On attend donc avec impatience ce nouveau Nerd. Le disque était prévu pour le 6 septembre. Mais le groupe a finalement décidé de retourner en studio pour le retravailler complètement, repoussant sa sortie à janvier 2011. Le processus créatif, déjà avant cette décision, n’avait pas été simple. Pharrell s’en explique : « Ça a été plutôt simple de trouver un concept et de bâtir la structure du disque, mais on a passé environ six mois à peaufiner les sonorités, les chansons, le mix. » Affaire à suivre, donc.

Pharrell a su créer comme personne un crossover entre la culture alternative et la culture mainstream, apportant au passage beaucoup à la culture pop, hip- hop et surtout R&B. Les années passant, ce self-made boude de plus en plus ses premières amours. Alors, fini, selon lui, l’âge d’or du hip-hop ? « Non, je pense que le hip-hop est sur la bonne voie ! Il y a encore plein de passerelles à bâtir.

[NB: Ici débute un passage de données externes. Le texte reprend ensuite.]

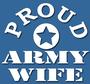 Army Wives profile picture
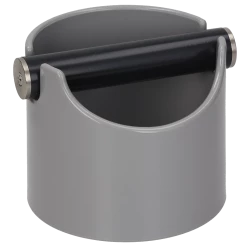 Concept JOE FREX PLASTIC KNOCK BOX GREY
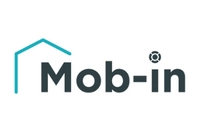 Logo de mob-in.com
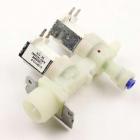 LG DLEX3700V/00 Water Inlet Valve Assembly - Genuine OEM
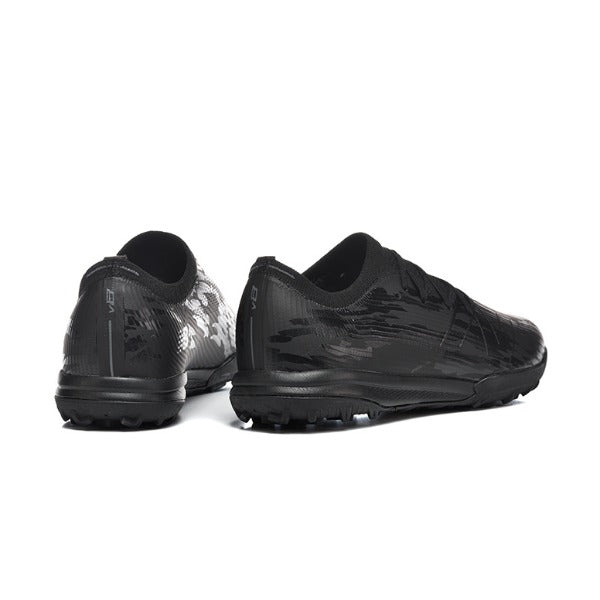 New Balance Furon V8 Elite Black TF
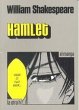 Hamlet : el manga - Bild 1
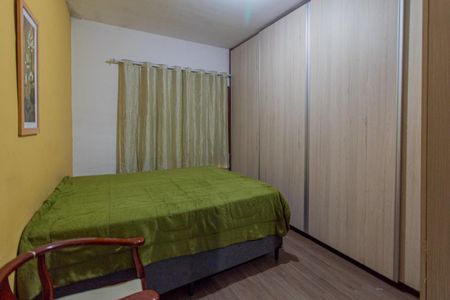 Casa à venda com 85m², 3 quartos e 2 vagasQuarto 2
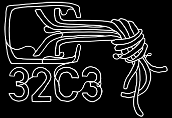 32c3 YBTI videos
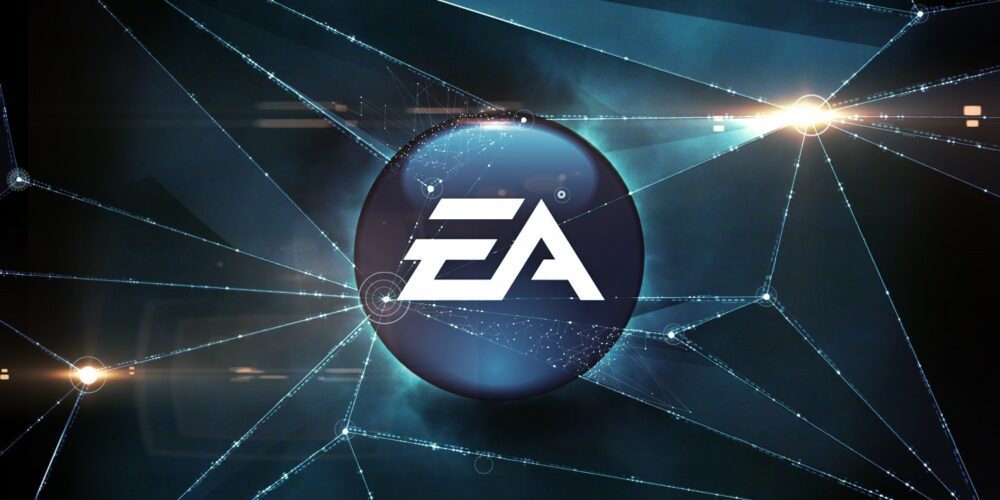 واگذاری الکترونیک آرتز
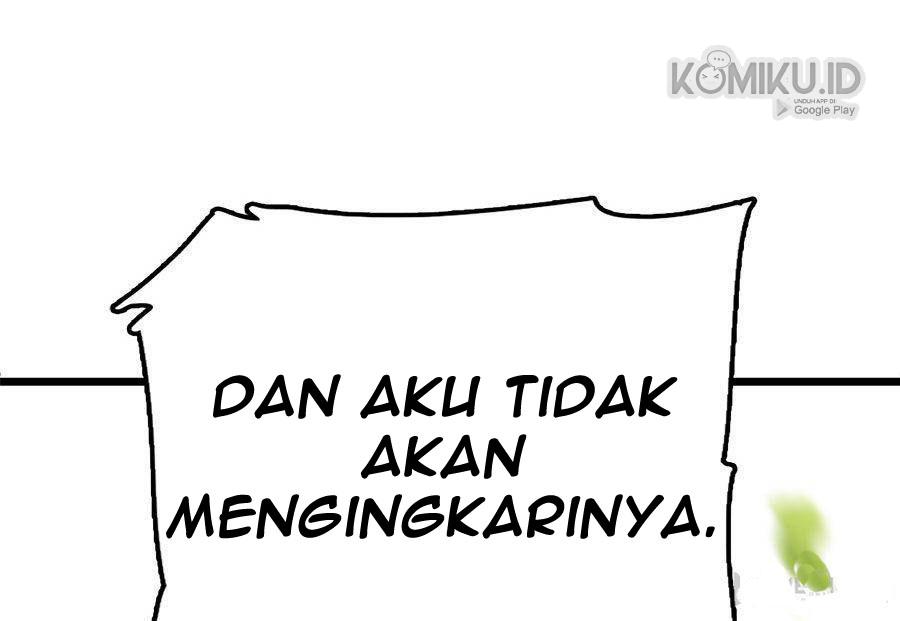 Halaman 117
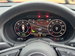Audi A3 1.6 TDI 30 S line Sportback Euro 6 (s/s) 5dr 5dr Manual 2019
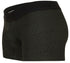 Clever 1850 Laberin Trunks Color Black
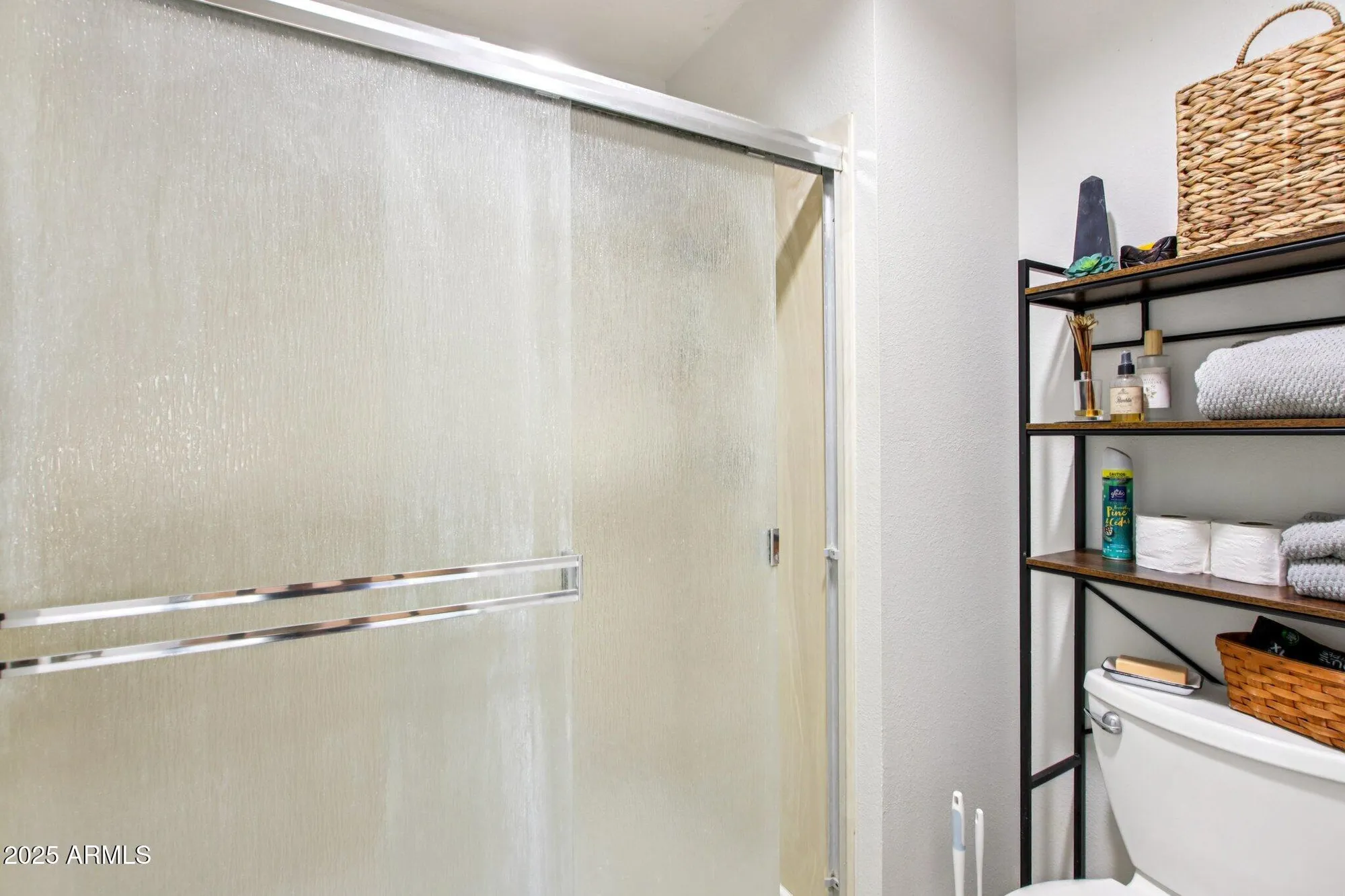 Property Slideshow image 25 of 42 | 13635 w meeker blvd, Sun City West, AZ, 85375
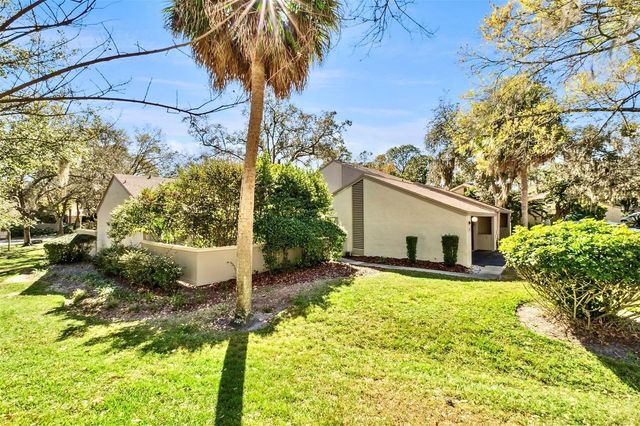 200 WEEPING ELM LANE, Longwood, FL 32779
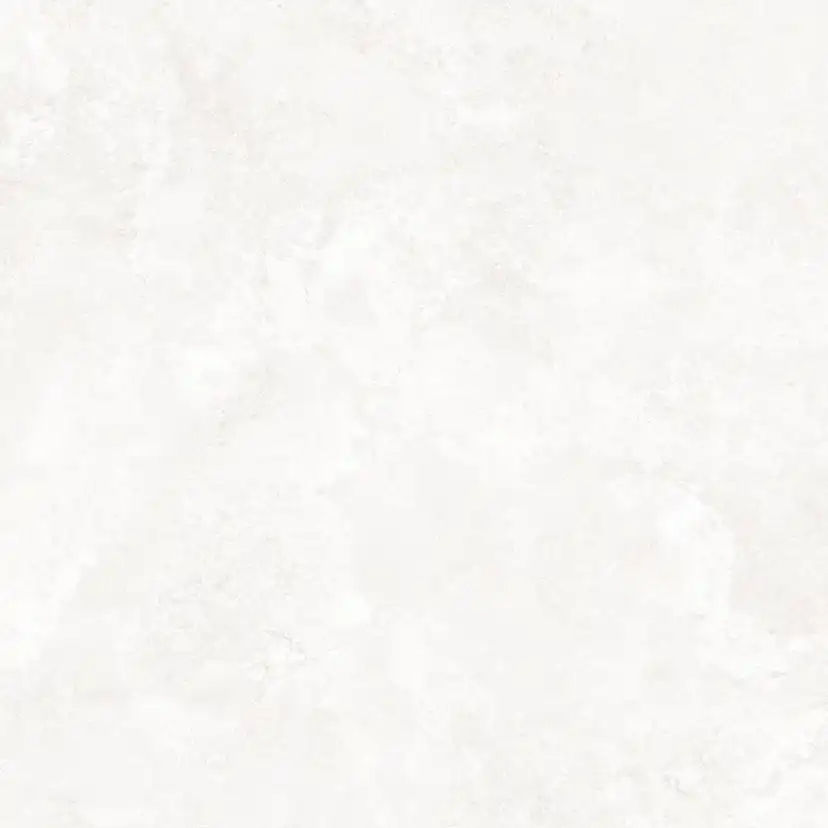 Klinker Lhådös Cross Bianco 15x15 Matt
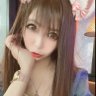Profilbild von ♥ℛ ༘まな ᕱ⑅ᕱ:.* ♡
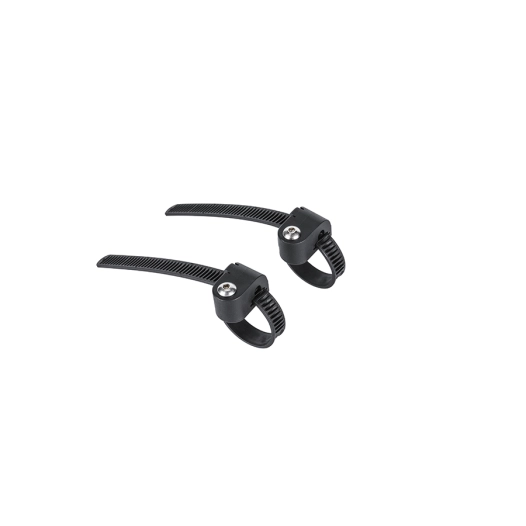 1 VersaMount (2pcs)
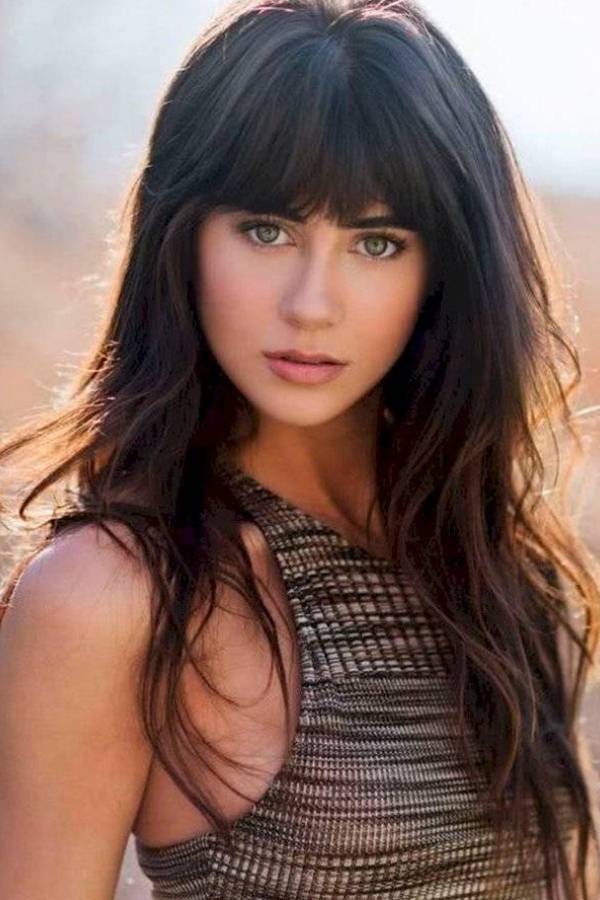 cabello3410d0ac0-5d70039c9bc88d5186bf44fb2191eabf.jpg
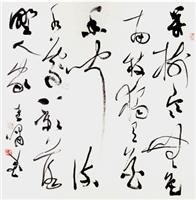 管峻作品欣赏35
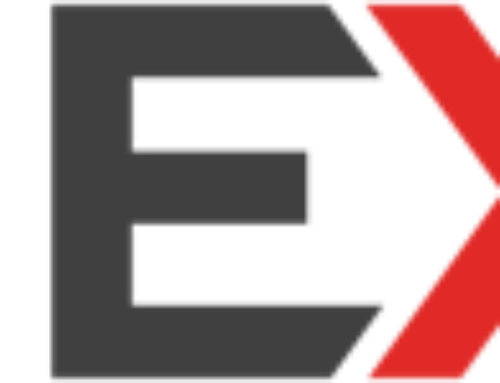 Discounted registration rates available for Advanced Textiles Expo 2026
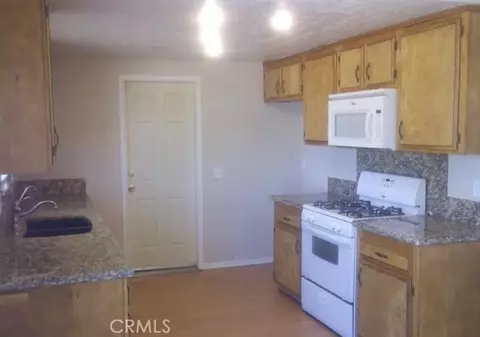 Other - 22304 Lone Eagle, Apple Valley, CA 92308 photo 2 of 3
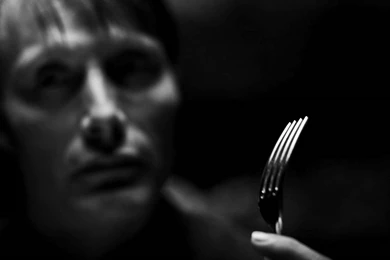 Hannibal – HD Wallpaper, Wallpapers Pics   The Best Wallpapers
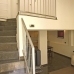 Catalonia hotels 1256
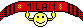 milaaaaaaaaaaaaaaaaaan.gif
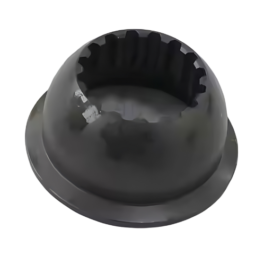 Ball Guide XJBN-00564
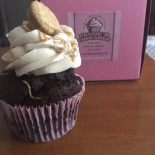 Clyde's Cupcakes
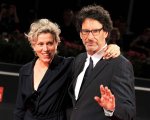 Frances McDormand e Joel Coen in diretta streaming grazie a La Fenice & Friends for Italy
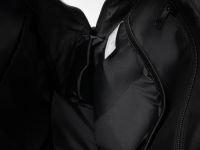 Рюкзак текстильный для девочек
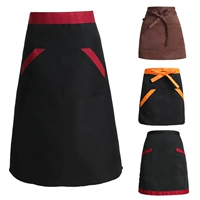 Для получения дополнительной информации свяжитесь с обслуживанием клиентов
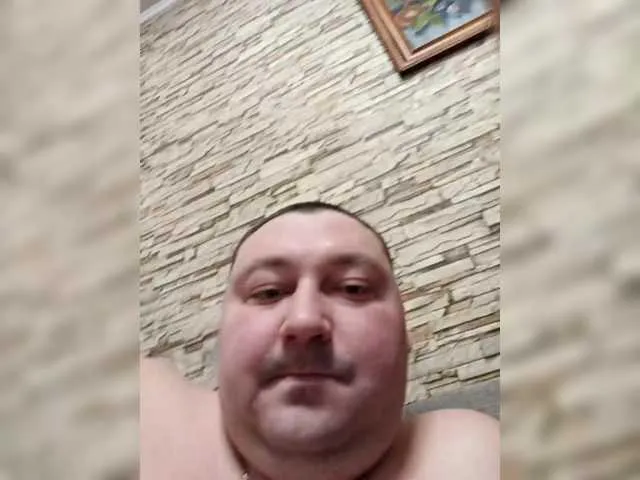 BongaCams Pasha0864 is Freechat Pasha0864 — Super girl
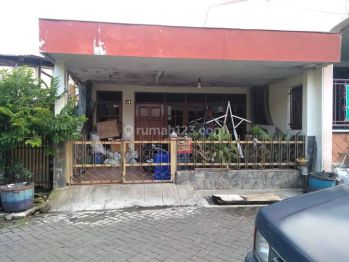 Sell Rumah: Rumah Karangwulan
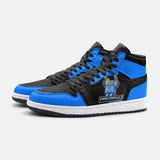 Crash Code 413 - Unisex Sneaker TR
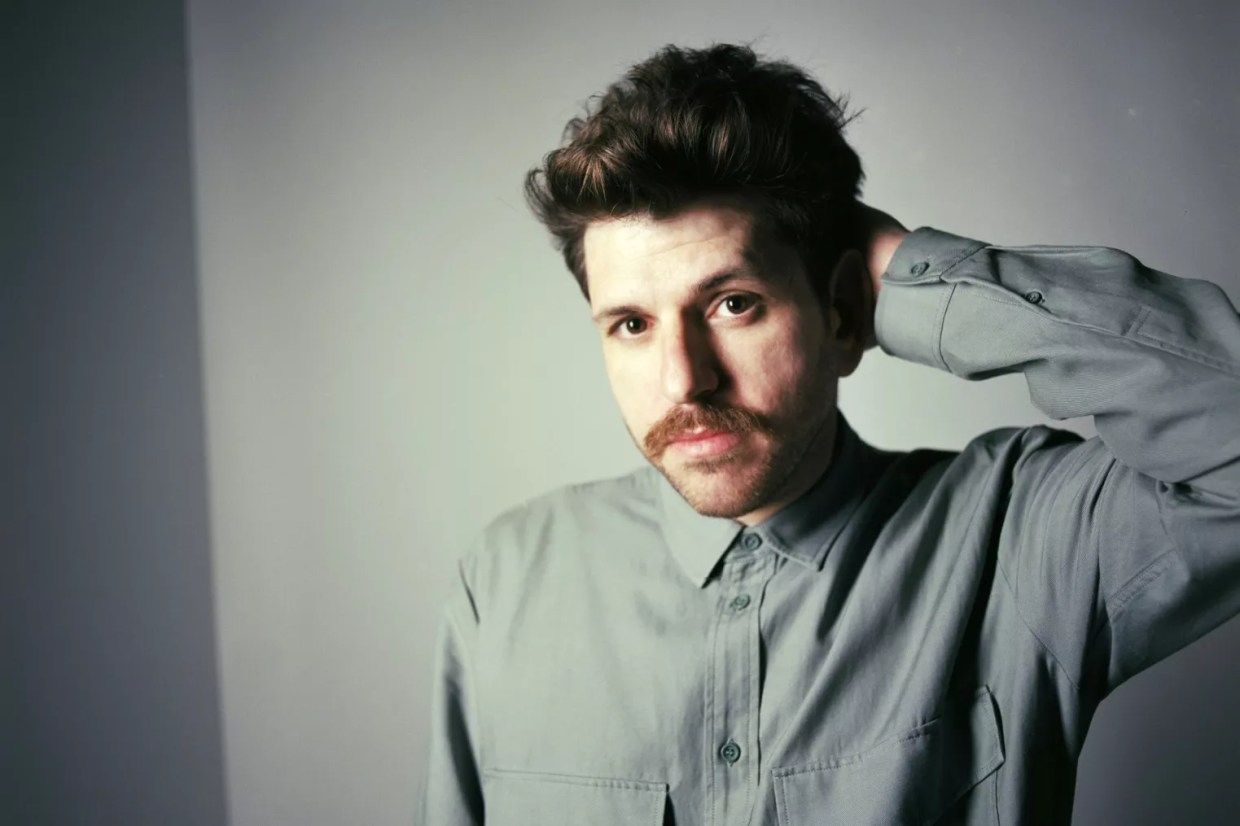 The Five Best Concerts in Miami This Weekend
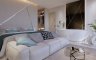 1 Bedroom Condo for sale in The One Naiharn, Nai Harn, Phuket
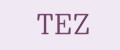 TEZ
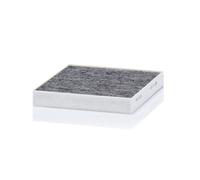 MANN-FILTER CUK 2232/1 Filtro, Aria abitacolo per ALFA ROMEO,FERRARI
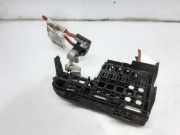 Sicherungskasten 13185559 Opel Corsa D Schrägheck 1.3 CDTi 16V ecoFLEX (Z13DTJ)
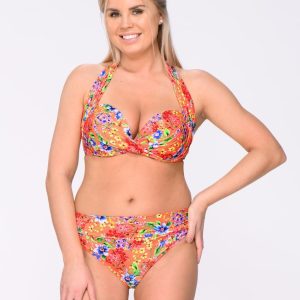 Linnea Bra St Lucia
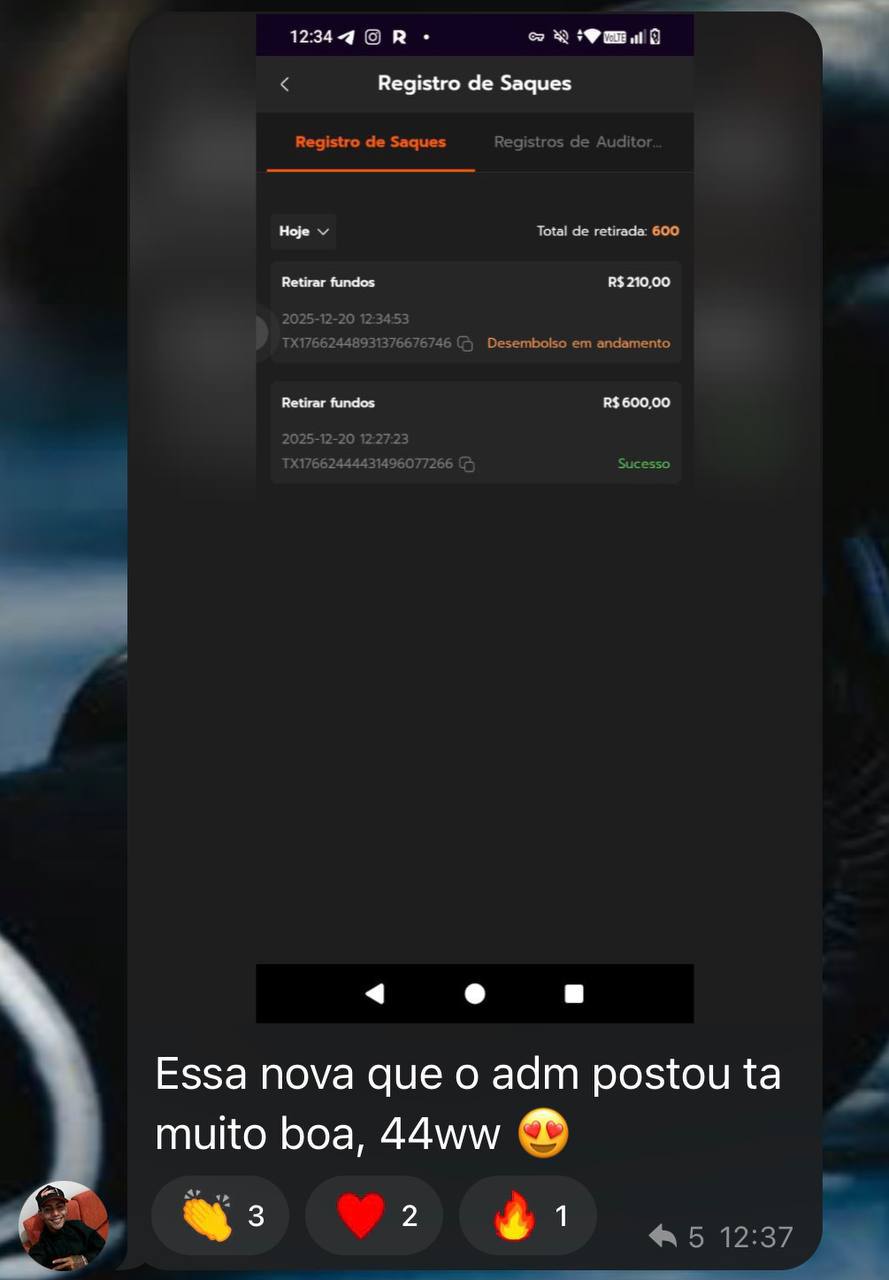 photo_2025-12-20_13-06-51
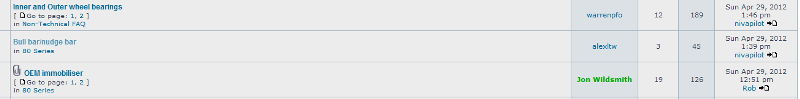 Forum.PNG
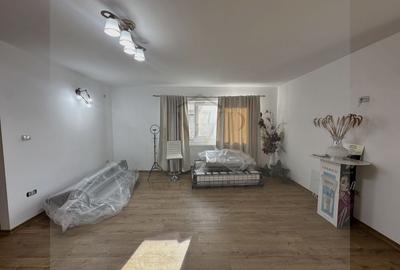 Apartament 2 camere, curte, Braytim - 2
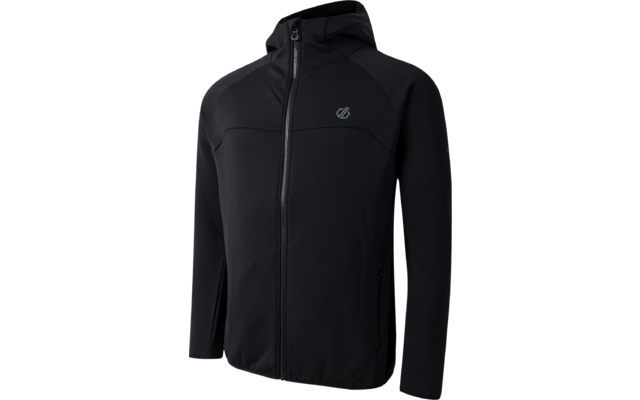 Dare2b Camber II Core Herren Strechjacke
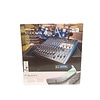 PreSonus Hybride Mixer StudioLive - AR12c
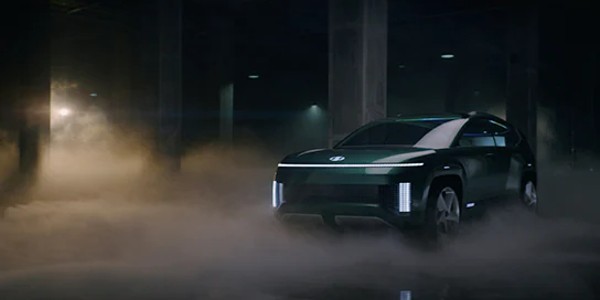 Oppo Is Planning To Launch EVs In India By 2024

Il a déjà beaucoup évolué depuis les premiers métissages entre Aerosmith et Run-DMC (le titre « Walk This Way », ndlr). Tout est possible, des featurings ou des samples de country, de pop… Il a déjà fait beaucoup de chemin depuis les premières block parties. »

En dehors de la musique, Pharrell a toujours eu des activités parallèles, notamment dans la mode, avec ses marques Billionaire Boys Club et Ice Cream : « Il va y avoir une nouvelle collection, comme à chaque saison, mais je ne peux pas en dire plus. » Plus récemment, il a fricoté avec l’art contemporain via l’artiste Yi Zhou en participant à sa vidéo The Ear. Pharrell s’improvise même designer avec ses pièces « Perspective » et « The Tank Chair » et a trouvé récemment le temps de faire un featuring avec Uffie pour son pote Pedro Winter. Ça lui arrive de dormir parfois ? « Très peu. On a travaillé dur pour en arriver là depuis qu’on est ado, on s’est battu pour bâtir tout ce qu’on a, on ne va pas se plaindre de ne pas assez dormir non plus. » En effet.